Team News Riveting
Air China on Friday resumed the Beijing-Nyingchi in SW China’s Tibet Autonomous Region route after a six-year suspension.
The carrier said it would increase its frequency from four times per week currently to daily flights from July 10 to Oct 30. Increasing the flight frequency after Nyingchi’s famous peach blossom festival that ends in April shows China’s move to intensify activities in the region that has strategic importance.
Nyingchi is China’s old military base in southeast Tibet. At present, it is the headquarters of the 52nd and 53rd Mountain Infantry Brigades of the Chinese Army. China has been trying for the last decade to connect this military base adjacent to India’s border with its main military centers by air, rail and highway. India’s Arunachal Pradesh border is just 17 km from the centre.
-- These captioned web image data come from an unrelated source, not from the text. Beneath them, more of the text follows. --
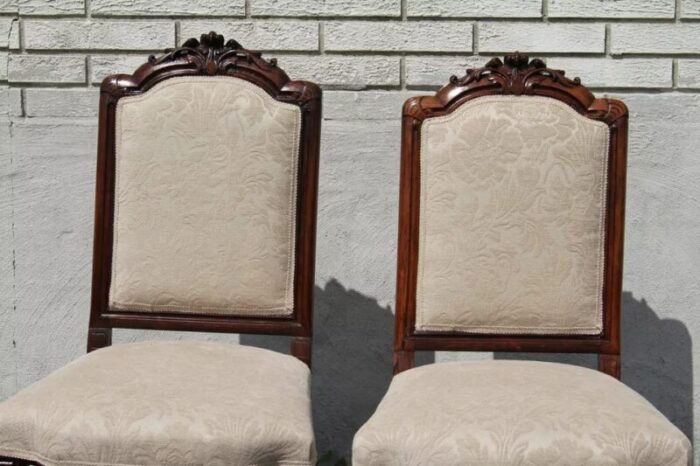 pair of 19th century victorian rosewood side accent chairs new upholstery 1488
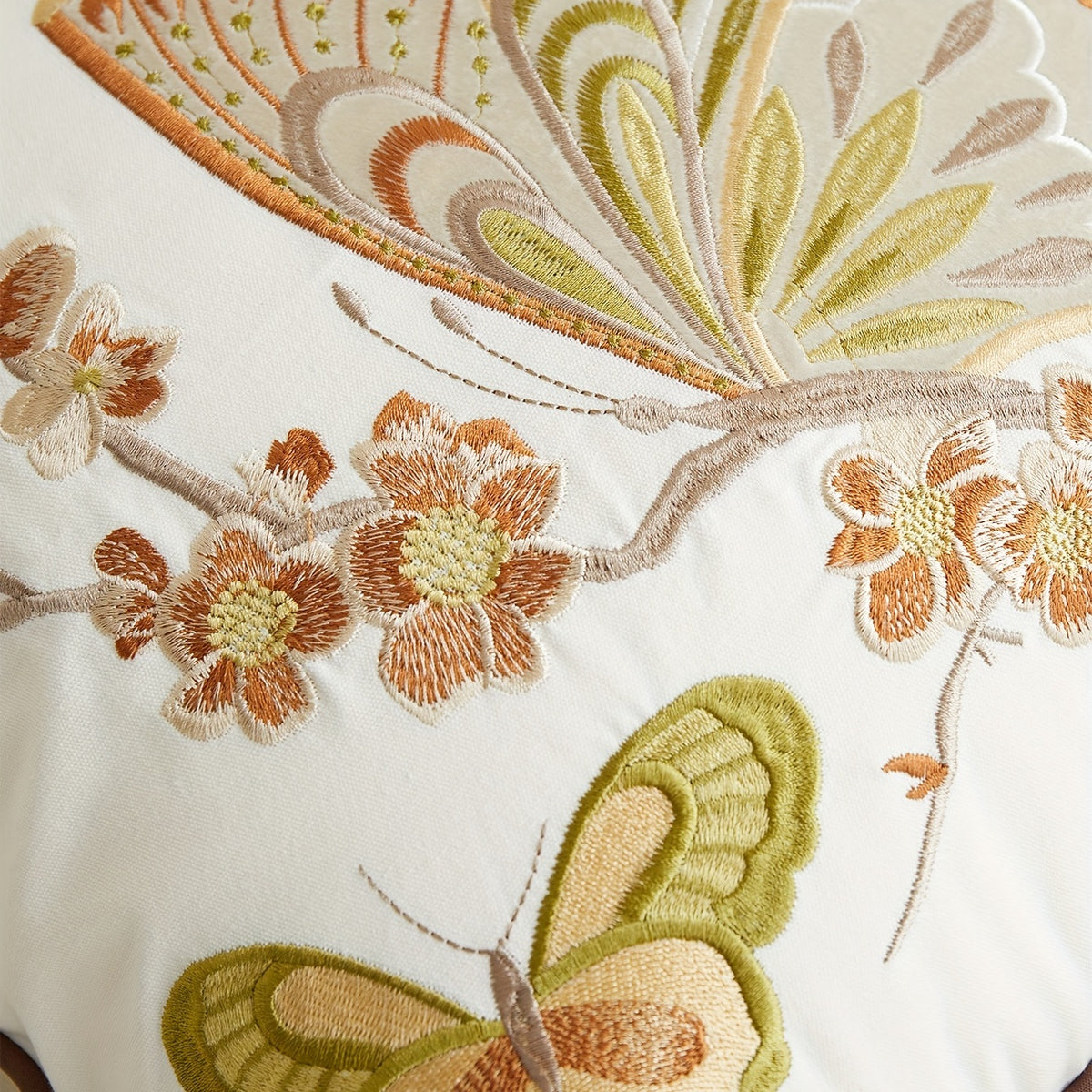 Housse de coussin d'esprit campagne, détail de la finition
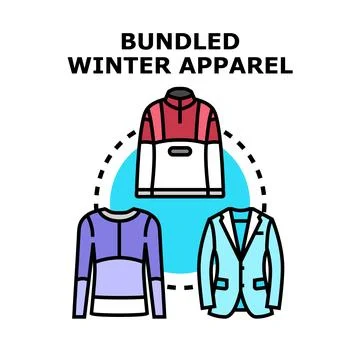 Bundling warm apparel for cold winter season icon concept Stock Illustration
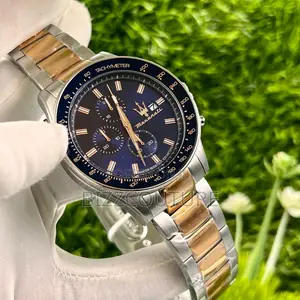 Original Maserati Chronograph Blue Dail Silver Chain Watch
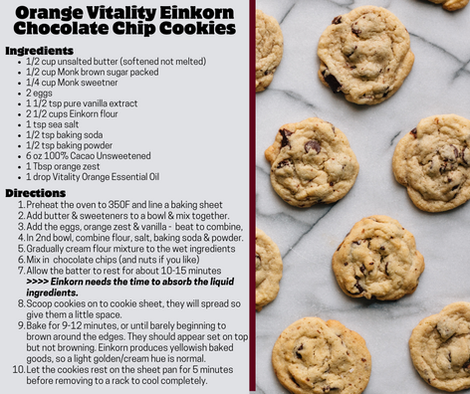 Orange Vitality Infused Einkorn Chocolate Chip Cookies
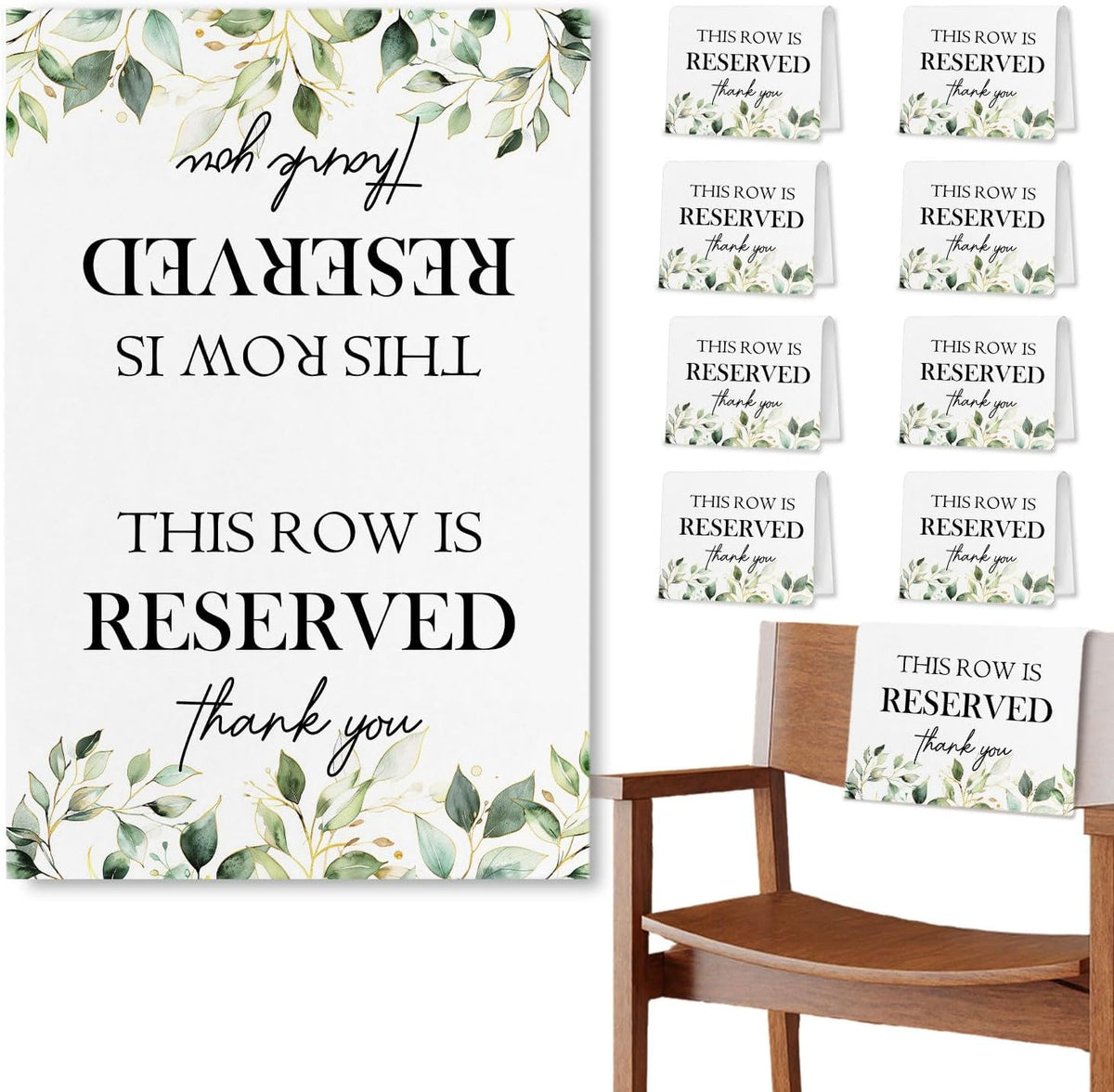 Reserved Seating Chair Signs, This Row Is Reserved Pew Cloths Seating Placeholder for Church Pews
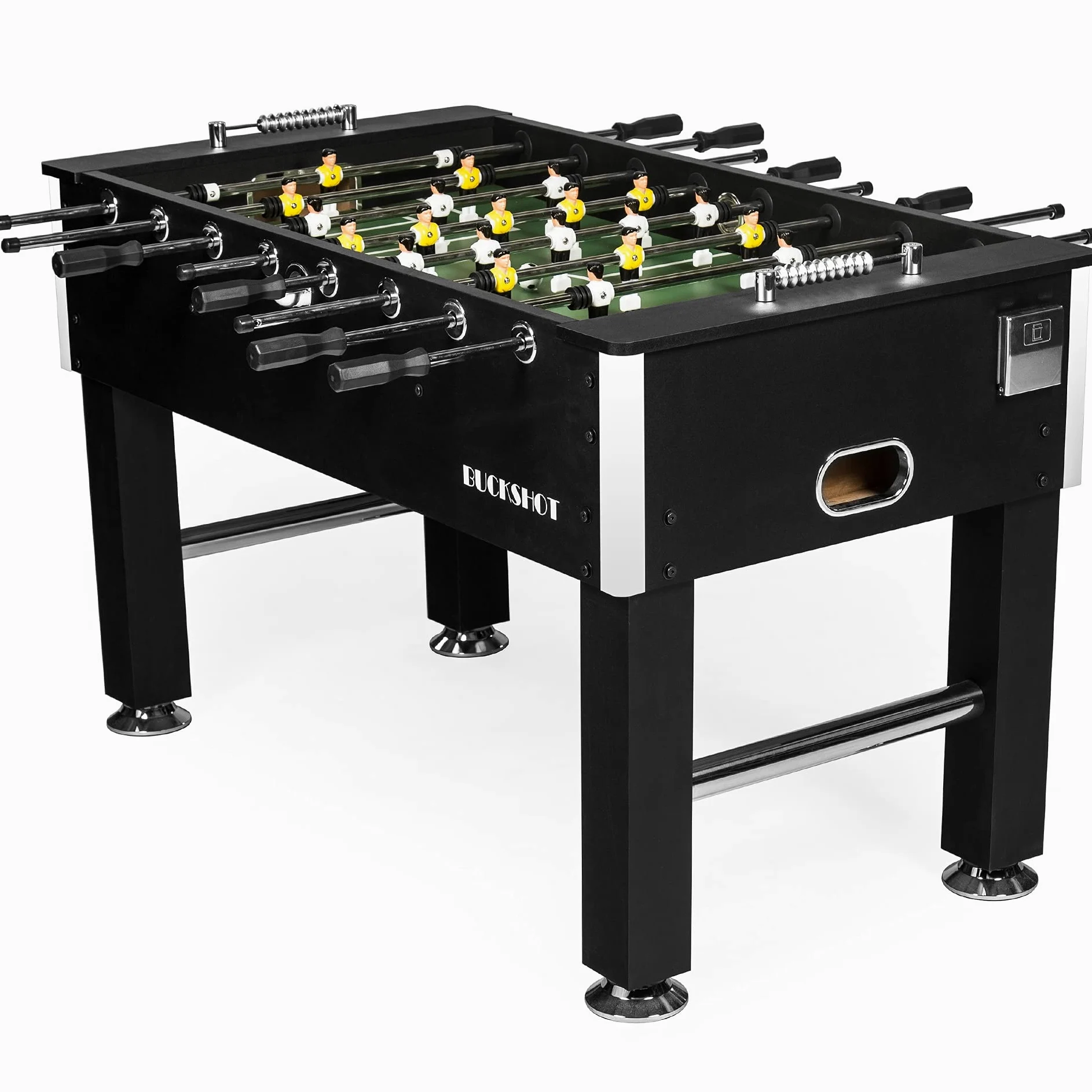 Baby Foot BuckShot Black - Table Soccer 141x77x89cm - Babyfoot 60kg - Soccer Table - Balles Incluses - Robuste et Durable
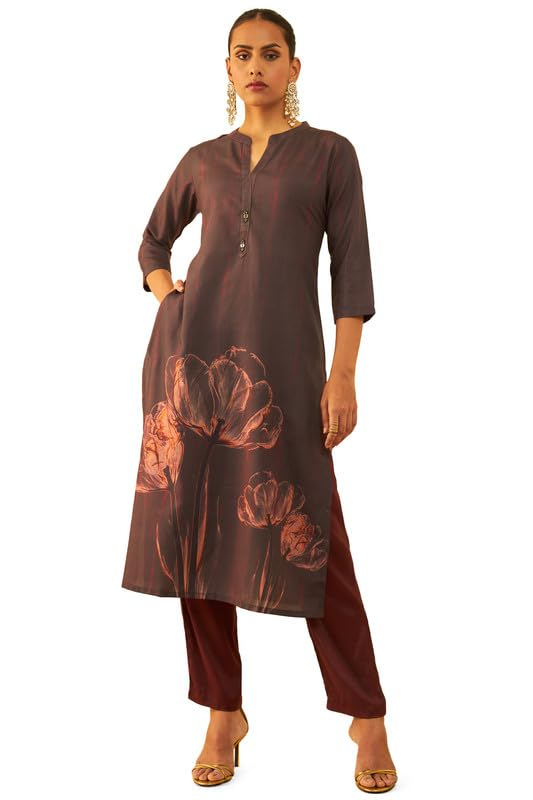 Soch Women Muslin Blend Placement Floral Print Straight Kurta with Pocket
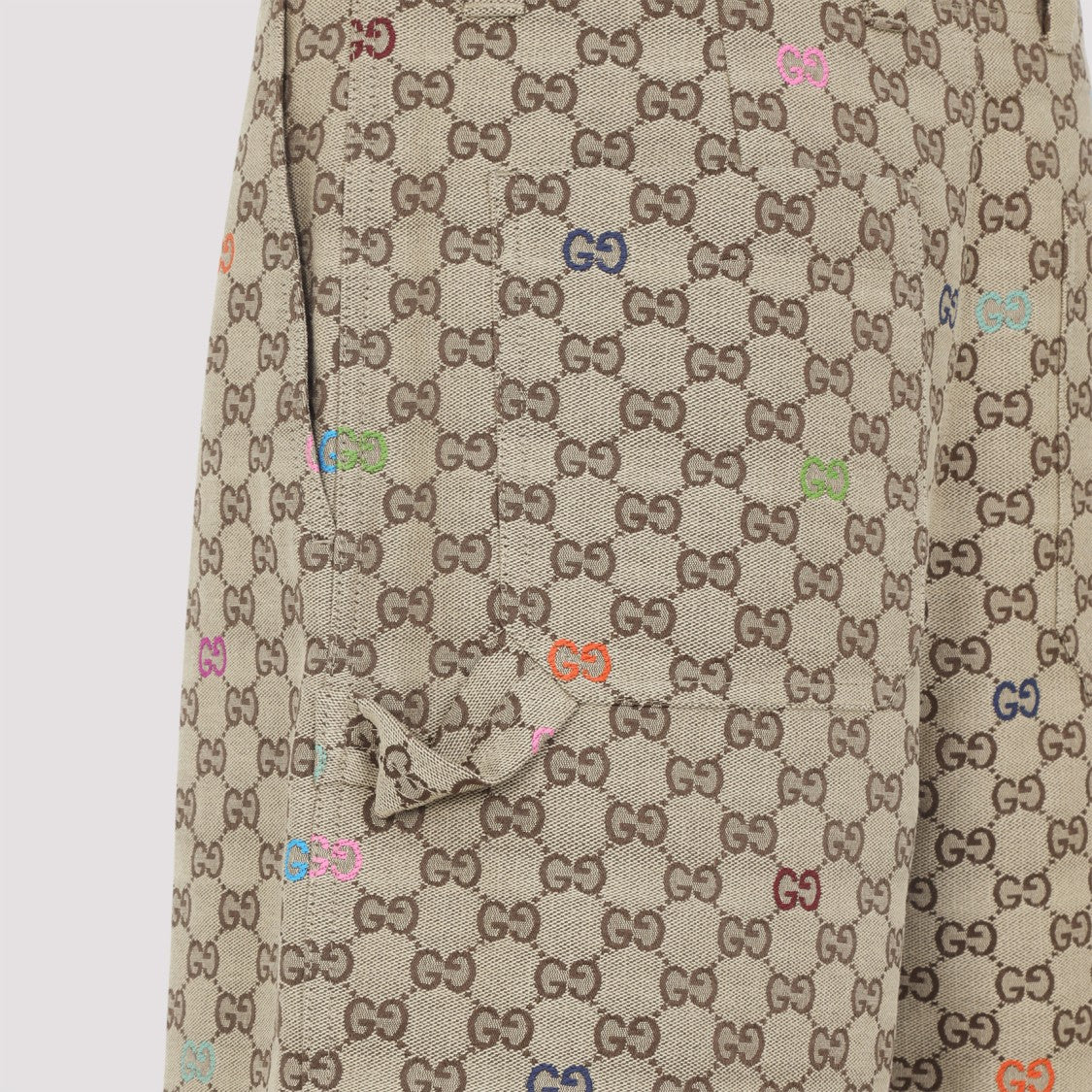 Gucci Camel Beige Cotton Gg Short Pants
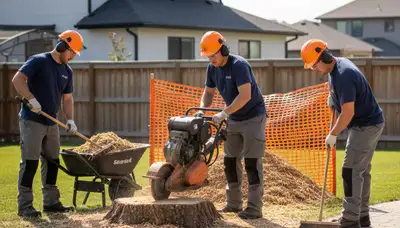 Miami, FL tree service crew removing a stump for safe, thorough stump removal services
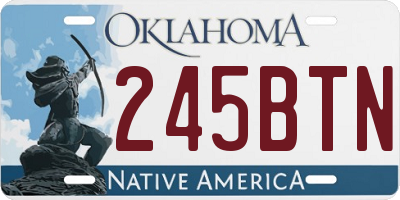 OK license plate 245BTN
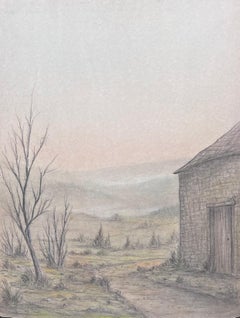 Bare Winter Farmyard Track with Stone Cottage Landscape Painting
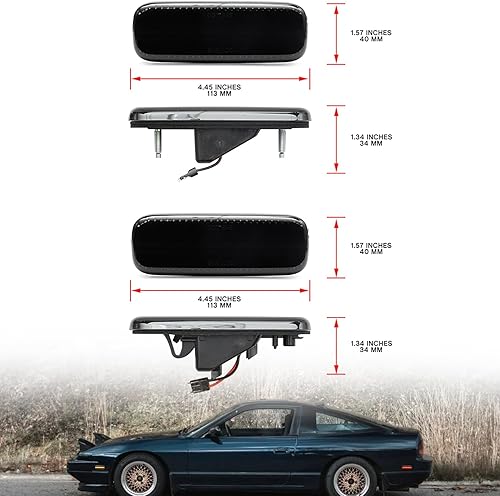 Miniatura 6 de Luces LED de posición laterales de repuesto para Ni'ssan 240SX S13 1989-1994 ámbar delanteras y traseras rojas luces de señal laterales rojas lente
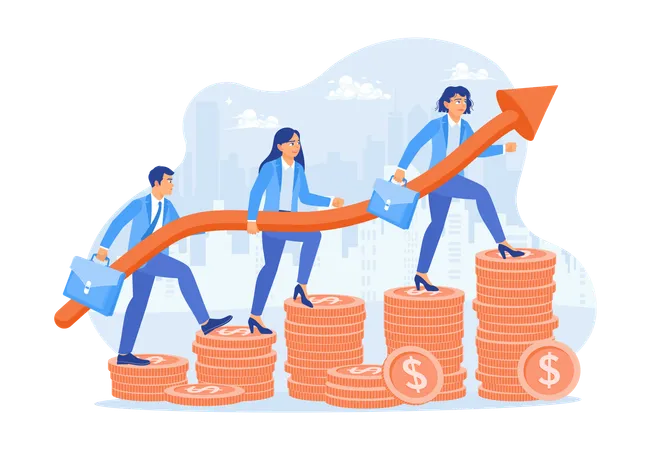 Business Team Walking On Pile Of Coins while getting company profit  Illustration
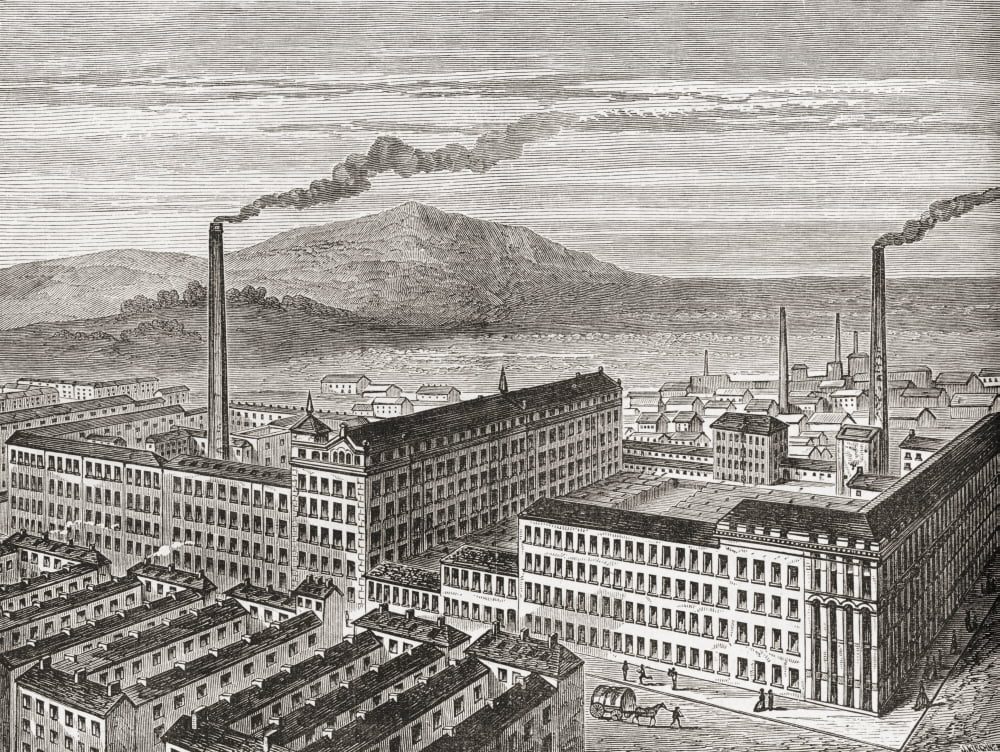 York Street Mill Belfast Northern Ireland c1880 The original cotton mill founded by Alexander Mullholland burned down in 1828 and was rebuilt as a flax mill From Cities of the World published c1893 Ca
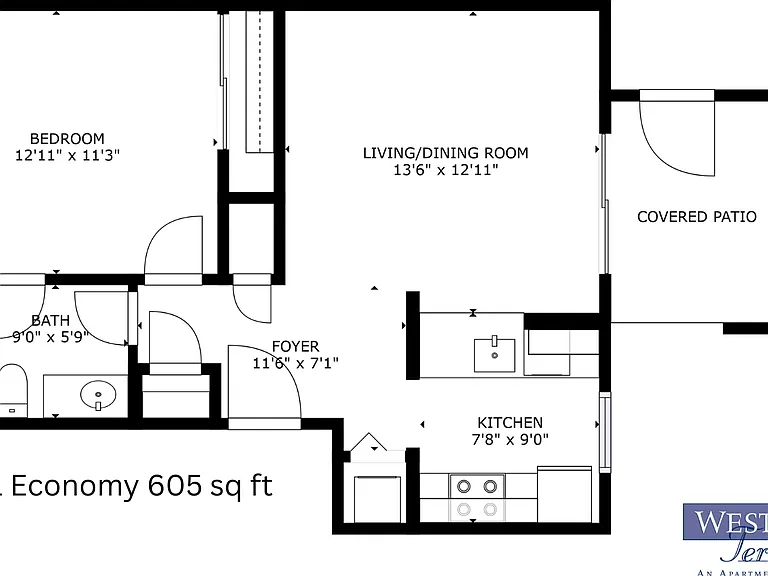 1x1 Economy l 605 sq ft l Westmall Terrace 1x1 Economy l 605 sq ft l Westmall Terrace
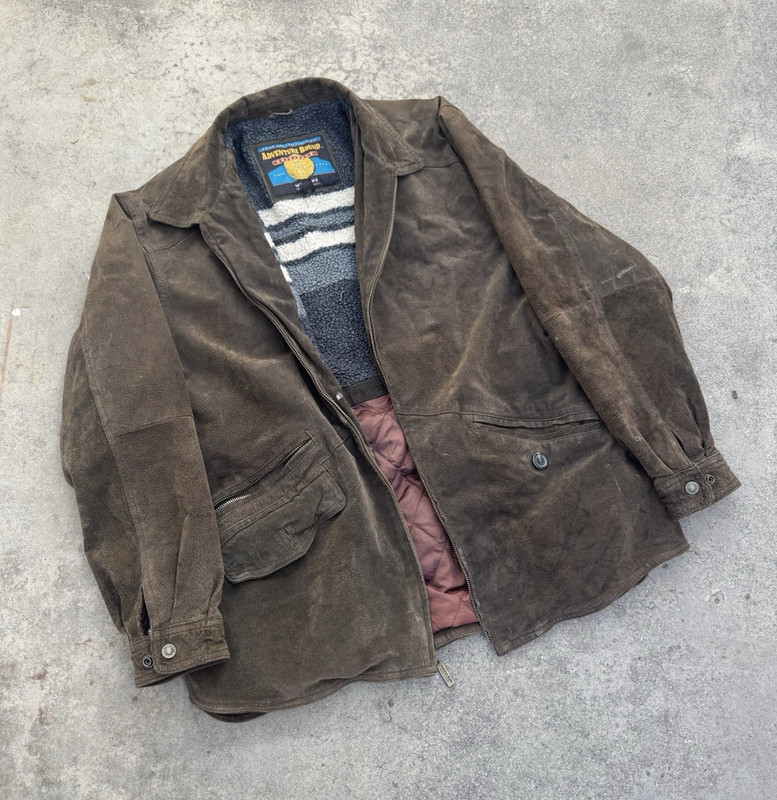 Adventure Bound Men’s Brown Leather Jacket L Mid-Length Lined Zip/Button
China’s extensive development of road, rail and air infrastructure in Tibet has sparked concerns in India as it also provides a major advantage to the Chinese military. In fact, India too has initiated border infrastructure development in recent years.
The strategically significant railway line – the second major rail link to Tibet – that will link Sichuan province with Nyingchi lies near the border with India’s Arunachal Pradesh and will be operationalised by the end of this month.
The importance of the project, Chinese experts said, is two-fold. Like the Qinghai-Tibet railway line, which in 2006 connected Lhasa to the hinterland, this will be the second such route linking the Tibet Autonomous Region (TAR) to the hinterland.
Secondly, it will run right up to Nyingchi near the border with India, which it will link to both Lhasa and Chengdu, the provincial capital of Sichuan. The entire line will run from Chengdu to Lhasa, connecting the two capitals of TAR and Sichuan and cutting the journey from 48 hours to 13 hours.